AB tarafından verilen fonların amacı dışında kullanıldığını dile getiren Prof. Dr. Haluk Günuğur, “O fonlar Türk toplumunu, Türk sivil toplumunu, iş hayatını, AB müzakere sürecine hazırlık amaçlı kullanılması için veriliyor. Bu şekilde AB karşıtları tarafından fon alınmasına hiçbir anlam veremiyorum. Etik değil.” diye konuştu.

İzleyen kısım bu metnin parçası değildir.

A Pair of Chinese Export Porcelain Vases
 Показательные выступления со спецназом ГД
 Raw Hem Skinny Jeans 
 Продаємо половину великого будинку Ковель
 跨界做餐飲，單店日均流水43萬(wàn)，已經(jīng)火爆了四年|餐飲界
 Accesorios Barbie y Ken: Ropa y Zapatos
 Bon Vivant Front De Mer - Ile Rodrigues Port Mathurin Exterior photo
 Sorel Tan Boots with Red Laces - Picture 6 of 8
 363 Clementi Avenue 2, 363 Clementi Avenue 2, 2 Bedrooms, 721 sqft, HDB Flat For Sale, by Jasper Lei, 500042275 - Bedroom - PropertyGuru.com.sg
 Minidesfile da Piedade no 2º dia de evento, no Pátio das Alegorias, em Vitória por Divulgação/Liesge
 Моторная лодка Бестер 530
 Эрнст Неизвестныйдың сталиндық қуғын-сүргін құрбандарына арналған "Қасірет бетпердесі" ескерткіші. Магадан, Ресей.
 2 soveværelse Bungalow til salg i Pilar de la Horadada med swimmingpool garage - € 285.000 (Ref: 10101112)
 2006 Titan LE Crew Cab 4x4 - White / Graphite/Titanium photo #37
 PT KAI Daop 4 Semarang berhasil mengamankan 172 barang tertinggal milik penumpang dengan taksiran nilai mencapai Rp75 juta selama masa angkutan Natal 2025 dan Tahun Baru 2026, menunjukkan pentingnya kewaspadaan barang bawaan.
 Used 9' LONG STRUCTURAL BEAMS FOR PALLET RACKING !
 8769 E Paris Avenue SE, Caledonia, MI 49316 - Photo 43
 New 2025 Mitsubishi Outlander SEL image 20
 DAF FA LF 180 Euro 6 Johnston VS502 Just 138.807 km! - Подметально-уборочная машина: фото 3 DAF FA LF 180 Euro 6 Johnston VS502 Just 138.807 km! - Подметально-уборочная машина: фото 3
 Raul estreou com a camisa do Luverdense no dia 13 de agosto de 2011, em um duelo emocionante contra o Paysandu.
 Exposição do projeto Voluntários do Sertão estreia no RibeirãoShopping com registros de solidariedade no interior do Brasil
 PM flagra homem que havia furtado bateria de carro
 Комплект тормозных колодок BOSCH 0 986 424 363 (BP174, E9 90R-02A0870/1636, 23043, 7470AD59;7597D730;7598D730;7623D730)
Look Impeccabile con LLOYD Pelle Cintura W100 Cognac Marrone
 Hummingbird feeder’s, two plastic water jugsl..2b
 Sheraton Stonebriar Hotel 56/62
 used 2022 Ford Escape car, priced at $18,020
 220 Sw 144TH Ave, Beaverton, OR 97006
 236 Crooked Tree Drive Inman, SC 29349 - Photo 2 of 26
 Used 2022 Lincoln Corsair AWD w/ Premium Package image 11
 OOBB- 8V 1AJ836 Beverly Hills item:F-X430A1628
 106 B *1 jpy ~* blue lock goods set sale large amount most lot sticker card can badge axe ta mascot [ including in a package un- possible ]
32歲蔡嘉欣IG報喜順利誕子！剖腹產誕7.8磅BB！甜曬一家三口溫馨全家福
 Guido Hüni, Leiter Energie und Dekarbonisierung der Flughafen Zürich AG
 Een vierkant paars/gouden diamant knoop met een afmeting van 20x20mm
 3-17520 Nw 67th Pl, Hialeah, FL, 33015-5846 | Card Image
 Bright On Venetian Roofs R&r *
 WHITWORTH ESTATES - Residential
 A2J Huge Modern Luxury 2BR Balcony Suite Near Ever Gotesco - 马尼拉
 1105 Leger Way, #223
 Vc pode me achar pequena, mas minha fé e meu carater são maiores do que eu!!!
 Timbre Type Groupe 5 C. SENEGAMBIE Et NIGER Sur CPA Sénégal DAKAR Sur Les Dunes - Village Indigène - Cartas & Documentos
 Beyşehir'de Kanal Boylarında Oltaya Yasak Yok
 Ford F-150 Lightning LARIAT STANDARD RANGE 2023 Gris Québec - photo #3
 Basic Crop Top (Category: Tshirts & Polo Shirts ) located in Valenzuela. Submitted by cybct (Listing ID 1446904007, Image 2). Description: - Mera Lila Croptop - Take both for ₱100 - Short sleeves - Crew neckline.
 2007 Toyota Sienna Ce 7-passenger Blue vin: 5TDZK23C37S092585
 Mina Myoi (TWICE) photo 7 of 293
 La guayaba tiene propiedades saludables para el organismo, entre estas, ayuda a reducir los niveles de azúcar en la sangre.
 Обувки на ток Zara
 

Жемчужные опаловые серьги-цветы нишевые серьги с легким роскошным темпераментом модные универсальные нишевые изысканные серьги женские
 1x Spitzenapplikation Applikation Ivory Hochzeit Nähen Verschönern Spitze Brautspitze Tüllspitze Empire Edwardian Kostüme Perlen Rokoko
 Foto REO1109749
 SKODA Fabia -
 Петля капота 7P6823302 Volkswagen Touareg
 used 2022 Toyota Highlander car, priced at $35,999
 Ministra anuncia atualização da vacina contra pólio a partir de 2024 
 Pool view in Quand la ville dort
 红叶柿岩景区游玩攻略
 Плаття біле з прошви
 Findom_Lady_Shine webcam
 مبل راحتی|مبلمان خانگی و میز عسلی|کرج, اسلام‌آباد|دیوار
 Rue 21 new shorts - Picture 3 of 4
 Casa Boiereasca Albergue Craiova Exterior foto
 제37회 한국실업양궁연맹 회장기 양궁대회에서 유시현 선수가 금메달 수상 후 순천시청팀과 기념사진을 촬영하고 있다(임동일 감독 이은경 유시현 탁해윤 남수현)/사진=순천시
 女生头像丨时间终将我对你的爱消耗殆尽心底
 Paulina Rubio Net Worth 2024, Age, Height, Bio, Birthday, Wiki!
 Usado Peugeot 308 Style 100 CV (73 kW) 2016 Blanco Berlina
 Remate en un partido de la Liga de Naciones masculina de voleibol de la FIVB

Durumu ikiyüzlülük olarak değerlendiren Prof. Dr. Eser Karakaş, “Açık açık karşısındayız demiyorlar. AB’yi istiyoruz; ama ifade özgürlüğü biraz sınırlı olsun, idam kalkmasın, sivil-asker ilişkileri Türkiye’ye özgü olsun falan diyorlar. AB’yi bir bütün olarak kabul etmek gerekir.” diyor. AB karşıtlarının Birlik’ten fon almasını ‘ahlaksızlık’ olarak niteleyen gazeteci-yazar Cengiz Çandar, şöyle konuştu: “AB’den fon almakta hiçbir sakınca görmüyorum. Fakat buna karşı çıkıyorsanız, ondan yararlanıyorsanız, burada tutarlılık ve samimiyet sorunu var demektir.”
AB’den alınan fonların STK’ların kendi görüşlerini değiştirebileceğini belirten Prof. Dr. İlter Turan, “STK maddi destek aldığı kaynağın esiri olmamalı.” diyor. AB’nin bilerek kendisine karşı olan kuruluşlara fon verdiğini iddia eden Yard. Doç. Armağan Emre Çakır, “AB, düşünce olarak kendisine karşı olanlara fon verdiğinin farkında. Tabii ki bir hesabı var. Sivil yapılanmayı destekliyor. AB’nin, karşıtlarına para vererek yanına çekmeye çalışması inandırıcı değil; ancak uzun vadede bu gerçekleşebilir.” şeklinde konuştu.